**Data extract:**
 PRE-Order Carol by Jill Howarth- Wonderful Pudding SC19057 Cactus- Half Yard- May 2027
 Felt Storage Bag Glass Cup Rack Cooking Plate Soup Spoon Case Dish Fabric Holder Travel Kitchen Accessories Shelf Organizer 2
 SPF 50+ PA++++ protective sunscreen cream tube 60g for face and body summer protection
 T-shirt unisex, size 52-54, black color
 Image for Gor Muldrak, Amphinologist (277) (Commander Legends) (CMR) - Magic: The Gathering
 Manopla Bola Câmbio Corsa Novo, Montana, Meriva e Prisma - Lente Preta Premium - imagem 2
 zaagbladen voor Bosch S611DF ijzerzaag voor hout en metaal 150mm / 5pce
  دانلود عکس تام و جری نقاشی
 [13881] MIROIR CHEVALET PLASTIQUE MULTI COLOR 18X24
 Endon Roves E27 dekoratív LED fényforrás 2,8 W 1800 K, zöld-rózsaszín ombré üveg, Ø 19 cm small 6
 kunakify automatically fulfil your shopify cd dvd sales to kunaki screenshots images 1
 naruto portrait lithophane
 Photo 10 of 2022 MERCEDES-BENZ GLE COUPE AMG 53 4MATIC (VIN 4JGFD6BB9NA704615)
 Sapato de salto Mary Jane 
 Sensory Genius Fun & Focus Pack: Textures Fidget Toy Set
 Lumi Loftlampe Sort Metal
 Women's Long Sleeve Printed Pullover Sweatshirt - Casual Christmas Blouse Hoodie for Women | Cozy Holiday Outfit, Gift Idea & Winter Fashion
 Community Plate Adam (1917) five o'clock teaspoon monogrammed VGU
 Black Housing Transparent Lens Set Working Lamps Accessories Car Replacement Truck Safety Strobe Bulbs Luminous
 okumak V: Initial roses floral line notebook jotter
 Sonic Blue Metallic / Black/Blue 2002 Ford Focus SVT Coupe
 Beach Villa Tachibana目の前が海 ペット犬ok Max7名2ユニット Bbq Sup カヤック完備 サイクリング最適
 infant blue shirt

**Task directions:**
Would you return all lines from the preceding listing that contain the word "Accessories"?

**Solved exercise:**
 Felt Storage Bag Glass Cup Rack Cooking Plate Soup Spoon Case Dish Fabric Holder Travel Kitchen Accessories Shelf Organizer 2
 Black Housing Transparent Lens Set Working Lamps Accessories Car Replacement Truck Safety Strobe Bulbs Luminous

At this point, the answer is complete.